SUPPLIED RECORDS:
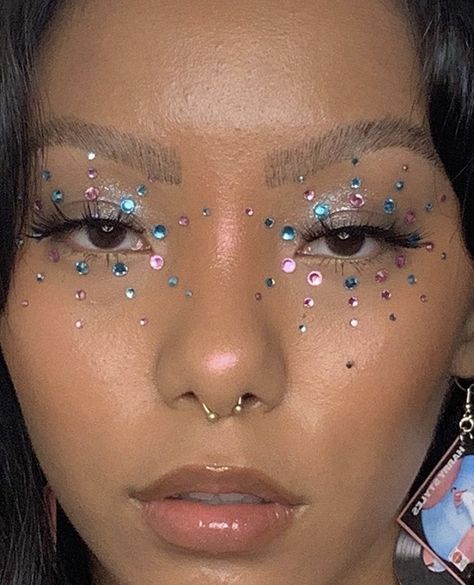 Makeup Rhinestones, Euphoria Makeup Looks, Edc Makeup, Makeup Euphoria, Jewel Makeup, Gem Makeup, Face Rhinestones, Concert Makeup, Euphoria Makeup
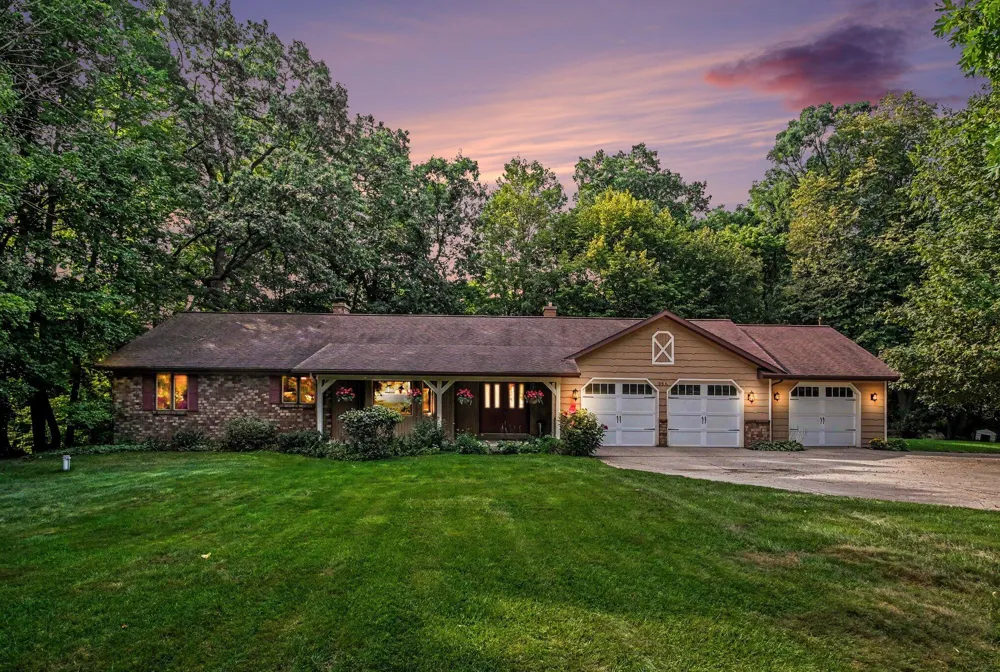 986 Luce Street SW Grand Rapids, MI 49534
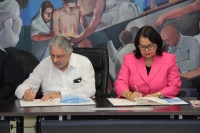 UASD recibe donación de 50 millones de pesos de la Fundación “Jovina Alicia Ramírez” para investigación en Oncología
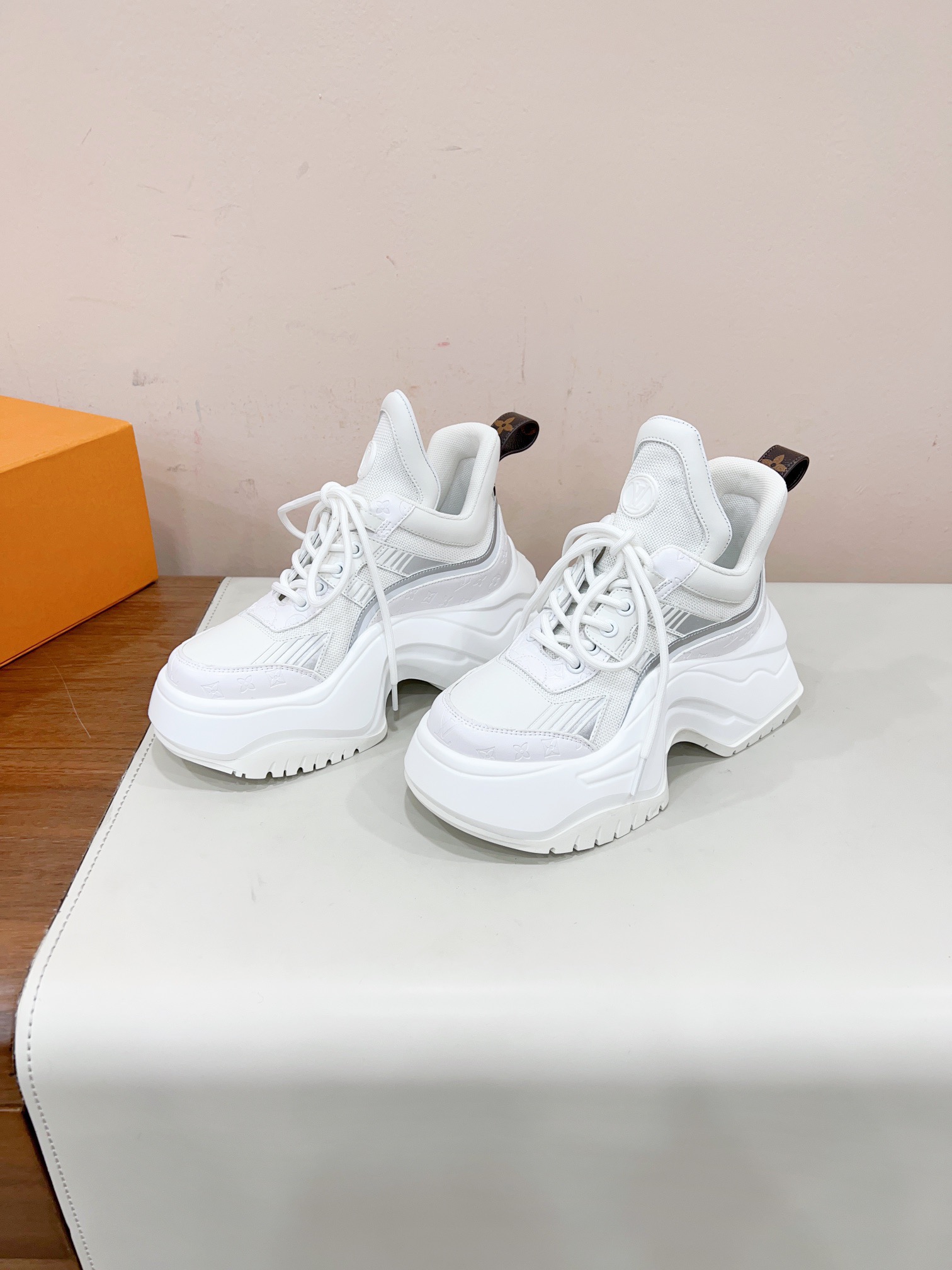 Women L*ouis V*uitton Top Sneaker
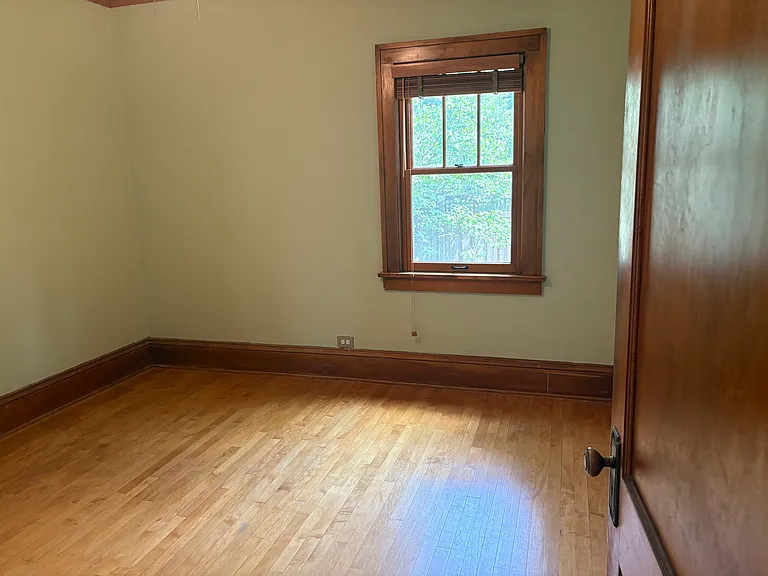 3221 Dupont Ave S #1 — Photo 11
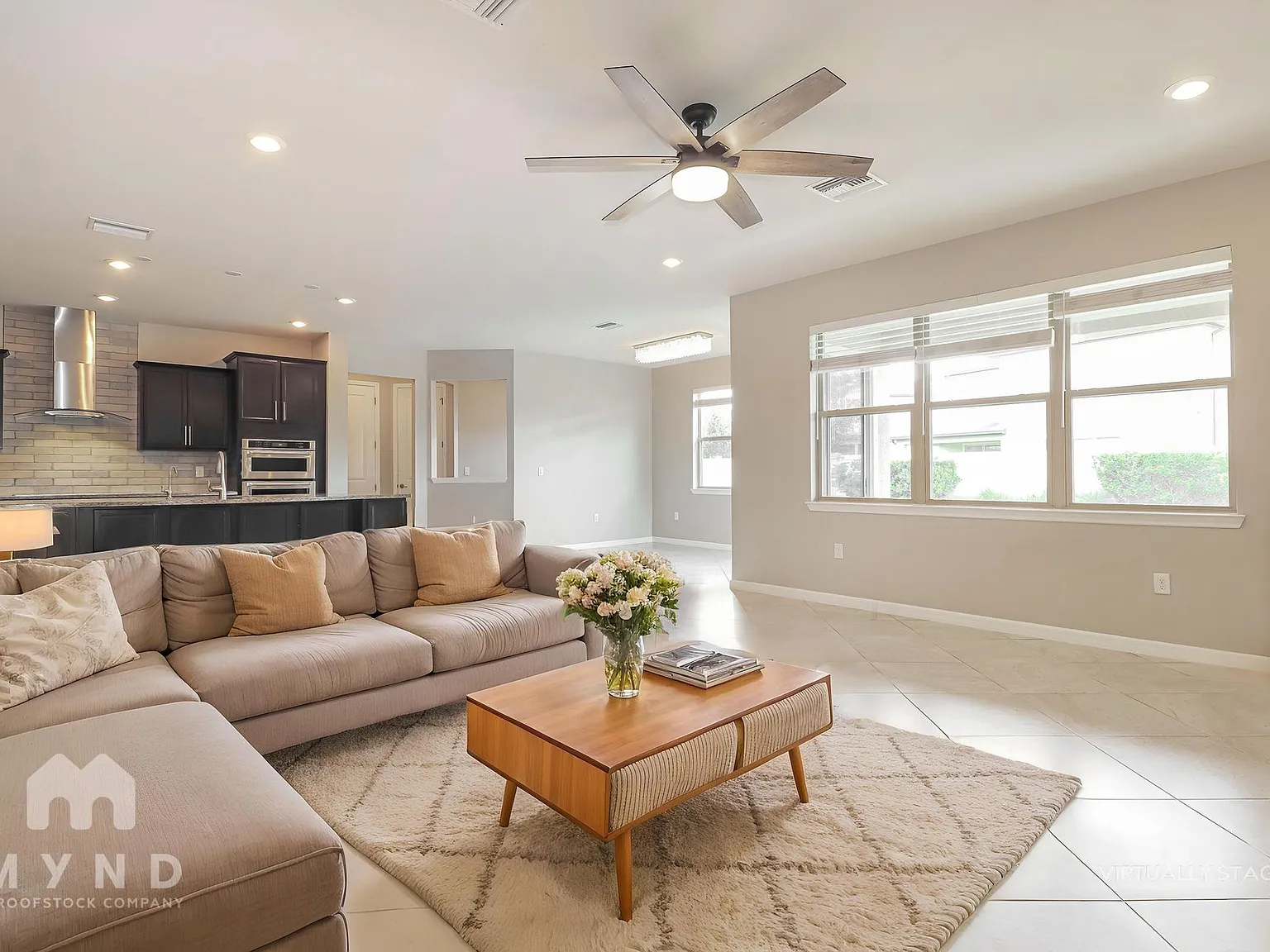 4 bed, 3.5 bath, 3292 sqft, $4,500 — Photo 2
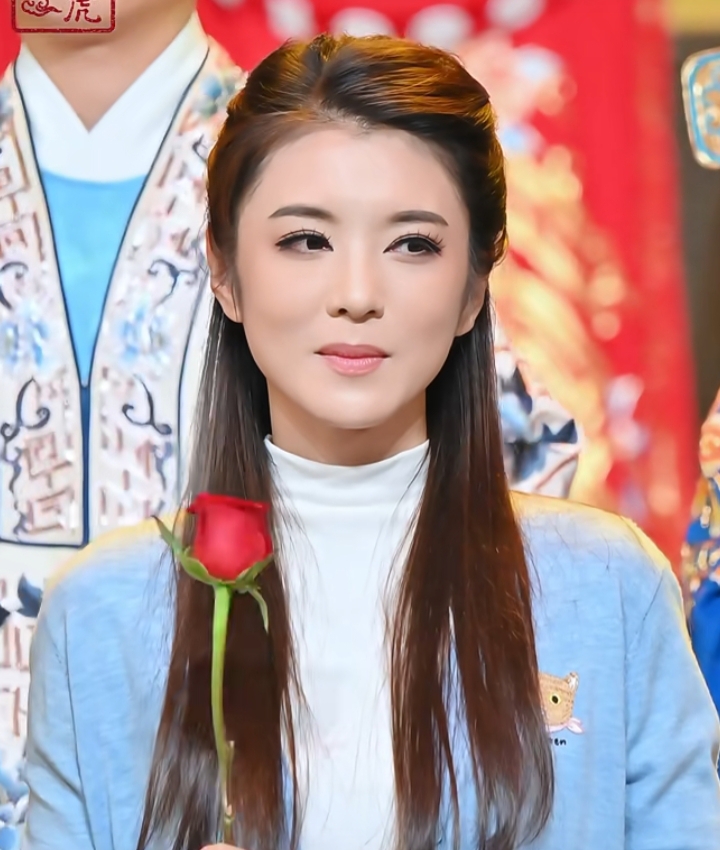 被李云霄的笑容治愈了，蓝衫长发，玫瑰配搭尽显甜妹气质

WHAT THIS TASK INVOLVES:
All of the data is to be transcribed exactly, with images omitted.

ANSWER SPACE:
 Makeup Rhinestones, Euphoria Makeup Looks, Edc Makeup, Makeup Euphoria, Jewel Makeup, Gem Makeup, Face Rhinestones, Concert Makeup, Euphoria Makeup
 986 Luce Street SW Grand Rapids, MI 49534
 UASD recibe donación de 50 millones de pesos de la Fundación “Jovina Alicia Ramírez” para investigación en Oncología
 Women L*ouis V*uitton Top Sneaker
 3221 Dupont Ave S #1 — Photo 11
 4 bed, 3.5 bath, 3292 sqft, $4,500 — Photo 2
 被李云霄的笑容治愈了，蓝衫长发，玫瑰配搭尽显甜妹气质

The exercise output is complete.